#### EXERCISE REQUIREMENTS
Your task is to give the records again exactly. Leave each picture out.

Records from a data source:
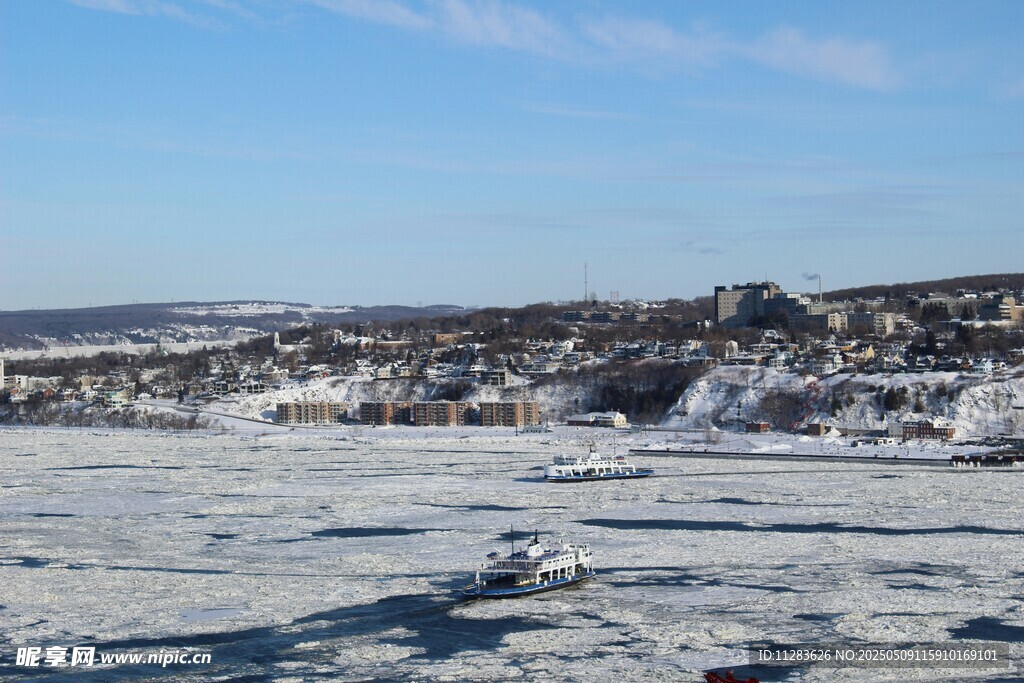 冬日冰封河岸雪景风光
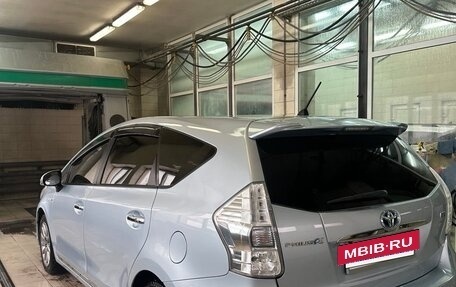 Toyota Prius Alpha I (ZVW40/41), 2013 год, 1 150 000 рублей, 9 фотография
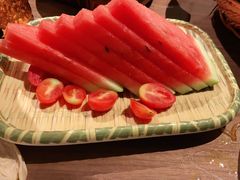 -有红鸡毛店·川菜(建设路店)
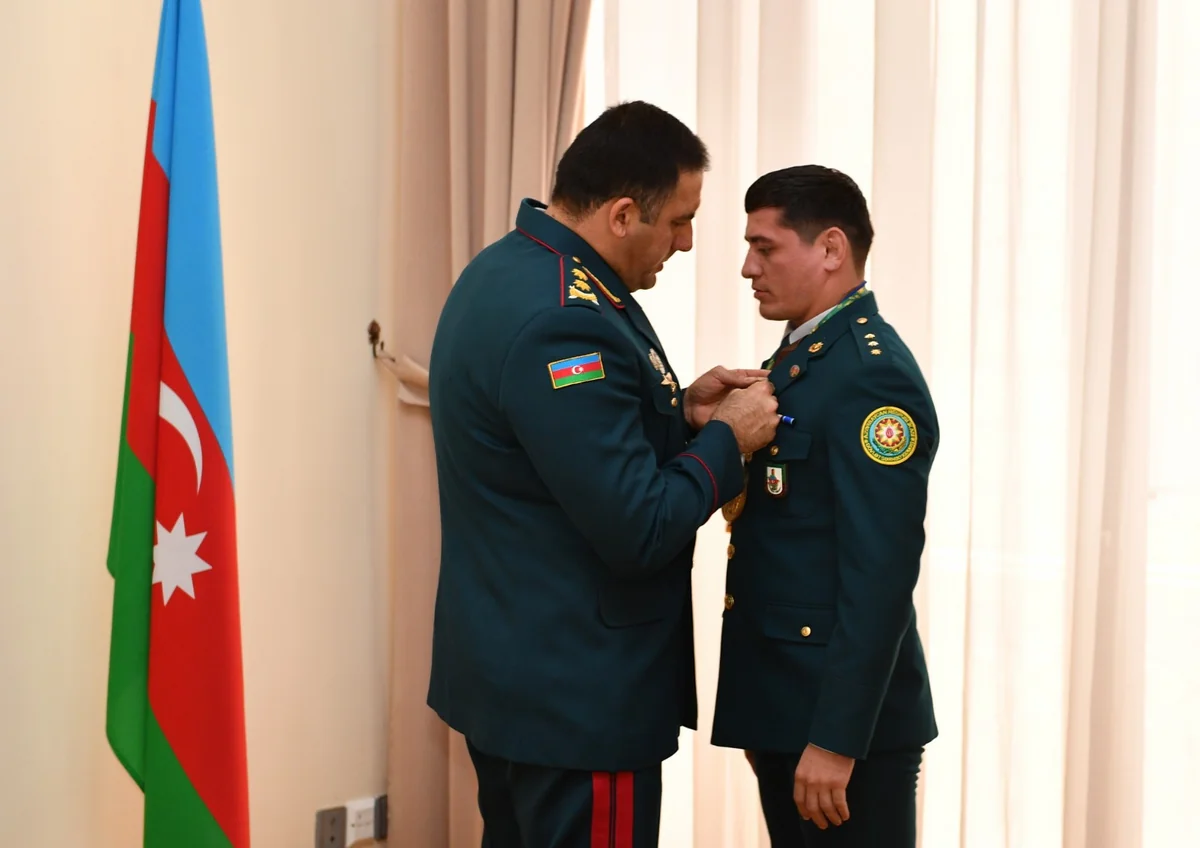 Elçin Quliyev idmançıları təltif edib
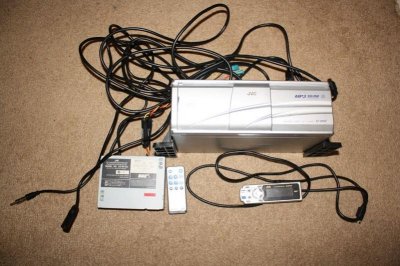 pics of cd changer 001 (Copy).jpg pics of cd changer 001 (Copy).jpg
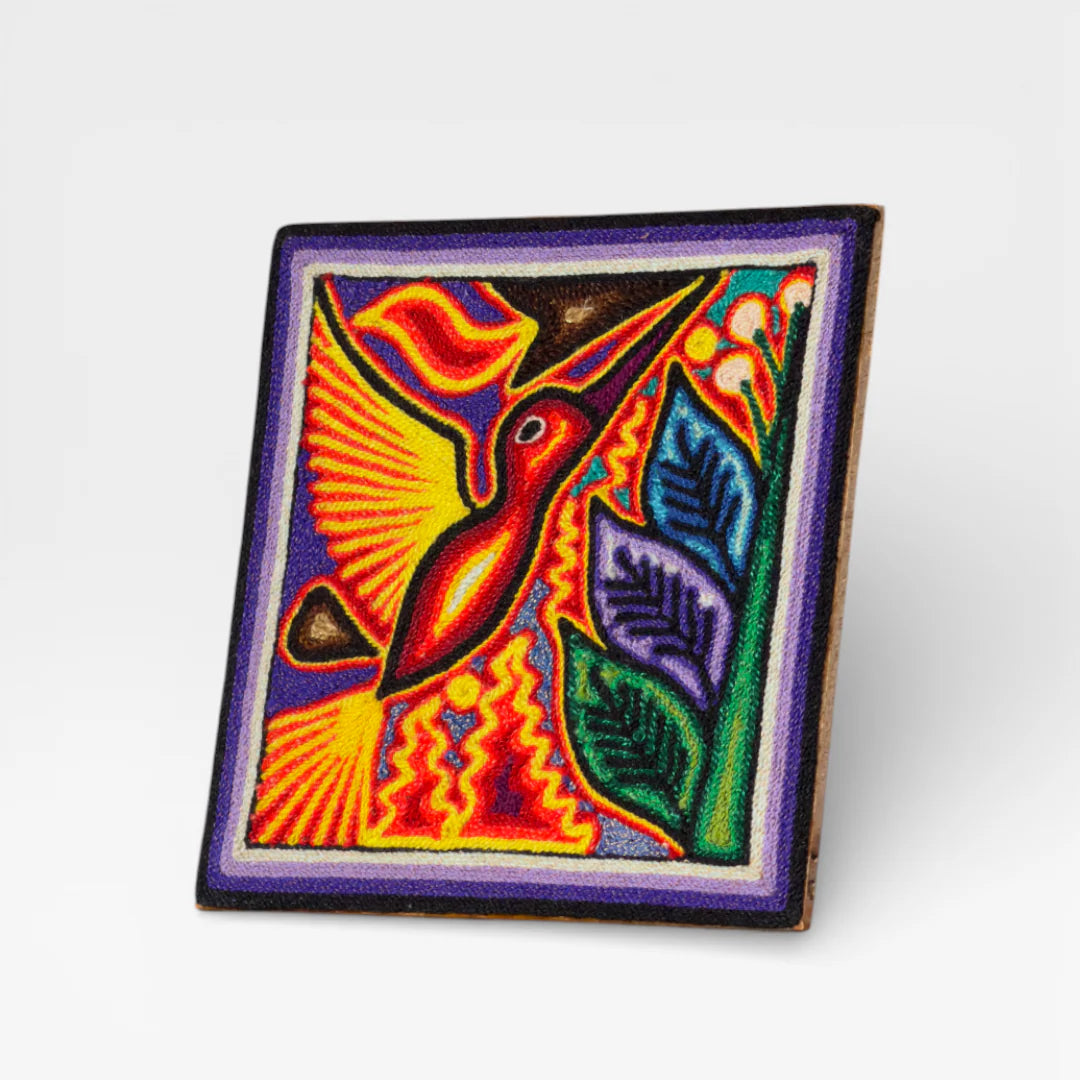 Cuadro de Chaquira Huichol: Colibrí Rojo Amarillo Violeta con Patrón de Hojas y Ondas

#### RESPONSE AREA
 冬日冰封河岸雪景风光
 Toyota Prius Alpha I (ZVW40/41), 2013 год, 1 150 000 рублей, 9 фотография
 -有红鸡毛店·川菜(建设路店)
 Elçin Quliyev idmançıları təltif edib
 pics of cd changer 001 (Copy).jpg pics of cd changer 001 (Copy).jpg
 Cuadro de Chaquira Huichol: Colibrí Rojo Amarillo Violeta con Patrón de Hojas y Ondas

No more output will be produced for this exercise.